Single by Myles Smith

from the EP You Promised a Lifetime
- Released: 15 November 2023
- Length: 3:19
- Label: It's Okay to Feel; Sony UK;
- Songwriters: Myles Smith-Thompson; Peter Fenn;
- Producer: Fenn

Myles Smith singles chronology
| "My Home" (2023) | "Solo" (2023) | "Behind" (2023) |

= Solo (Myles Smith song) =

2023 single by Myles Smith

"Solo" is a song by British singer-songwriter Myles Smith. It was released in November 2023 as the second single from his debut extended play You Promised a Lifetime (2024). The song debuted on the UK Singles Chart in March 2024, becoming his first top 100 single. It peaked at number 69 in May 2024.

==Reception==
Nate Fenningdorf from Play Date Media said "[Solo] which features, stomp-and-holler drums, complimentary keys and guitar and silky vocals, has everything you could ask for in an indie-folk song."

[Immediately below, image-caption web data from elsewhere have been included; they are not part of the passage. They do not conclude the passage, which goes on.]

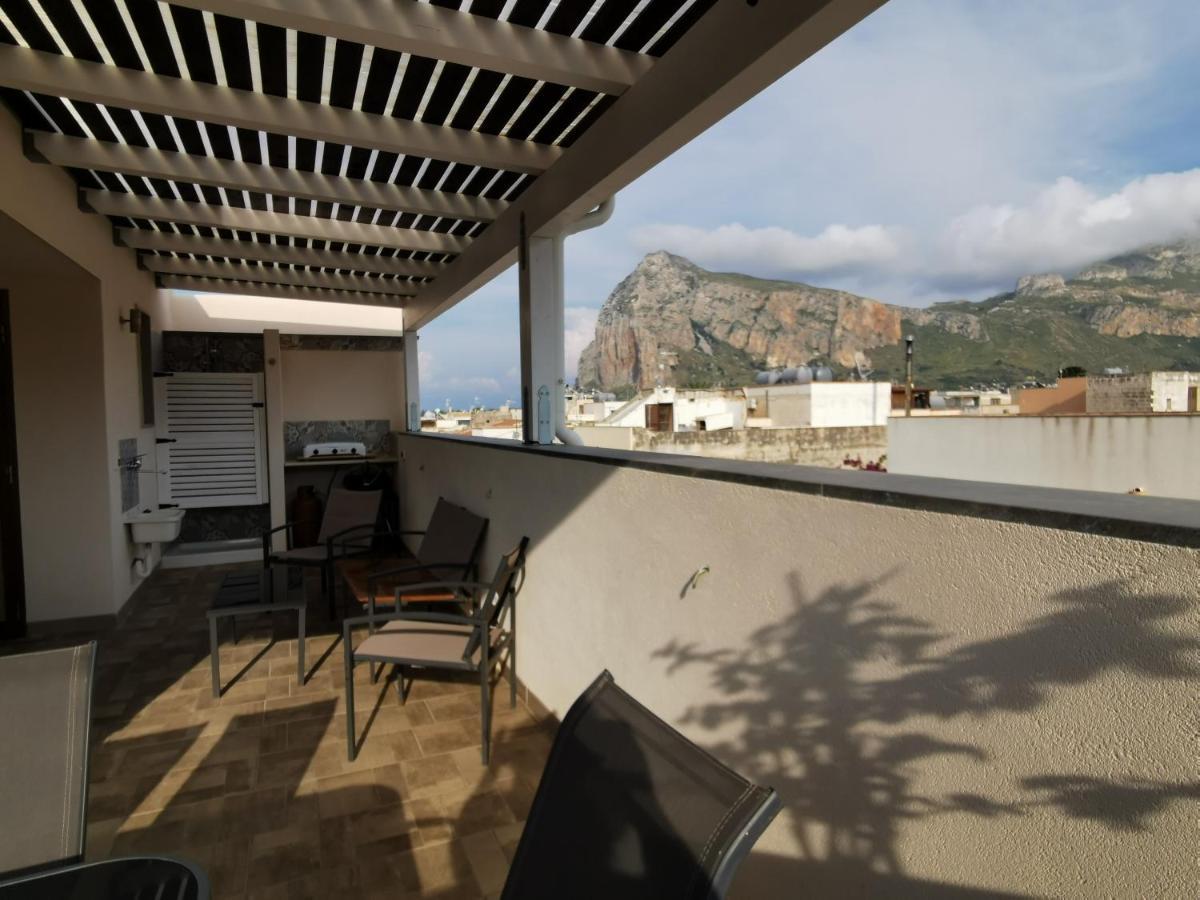 Apartamento Sole Mio Vacation San Vito Lo Capo Exterior foto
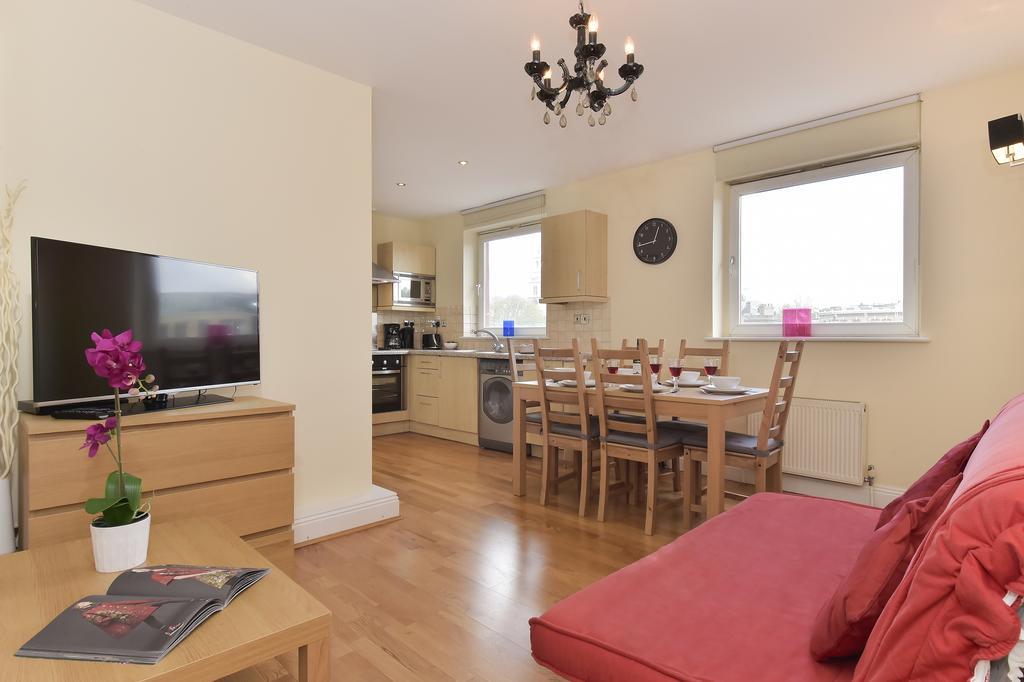 Apartamento Chancery Lane Londres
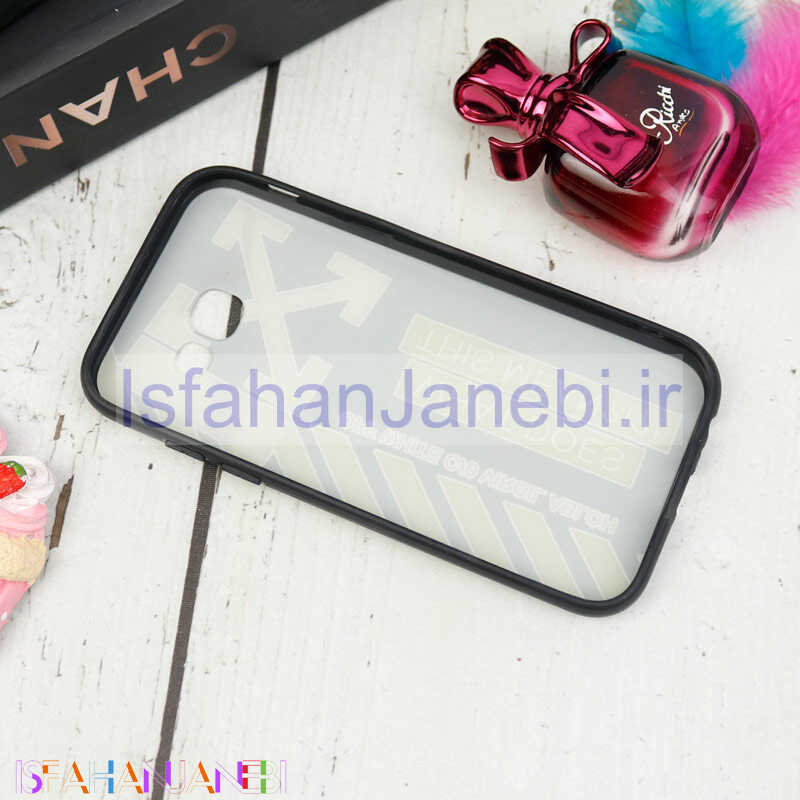 اصفهان جانبی-قاب فانتزی برجسته کد 21 سامسونگ A5 2017 سری X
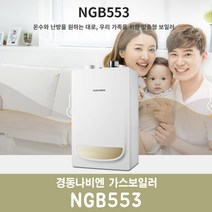 경동나비엔 가스보일러 NGB553-16K, LNG, LNG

In the EP review, Justine Kostka from Melo Maniacs said "Smith's emotive delivery and evocative lyrics paint a vivid portrait of heartbreak and resilience, inviting listeners to reflect on their own experiences of longing and acceptance."

==Track listings==

"Solo"
| No. | Title | Length |
|---|---|---|
| 1. | "Solo" | 3:19 |

"Solo"
| No. | Title | Length |
|---|---|---|
| 1. | "Solo" (acoustic) | 2:53 |

"Solo"
| No. | Title | Length |
|---|---|---|
| 1. | "Solo" (piano version) | 3:13 |

==Charts==

===Weekly charts===

Weekly chart performance for "Solo"
| Chart (2024) | Peak position |
|---|---|
| Poland (Polish Airplay Top 100) | 7 |
| Sweden (Sverigetopplistan) | 66 |
| Switzerland (Schweizer Hitparade) | 100 |
| UK Singles (Official Charts) | 69 |

===Year-end charts===

Year-end chart performance for "Solo"
| Chart (2024) | Position |
|---|---|
| Poland (Polish Airplay Top 100) | 65 |

==Certifications==

Certifications for "Solo"
| Region | Certification | Certified units/sales |
| Canada (Music Canada) | Platinum | 80,000^{‡} |
| New Zealand (RMNZ) | Gold | 15,000^{‡} |
| South Africa (RISA) | Gold | 20,000^{‡} |
| United Kingdom (BPI) | Gold | 400,000^{‡} |
| United States (RIAA) | Gold | 500,000^{‡} |
^{‡} Sales+streaming figures based on certification alone.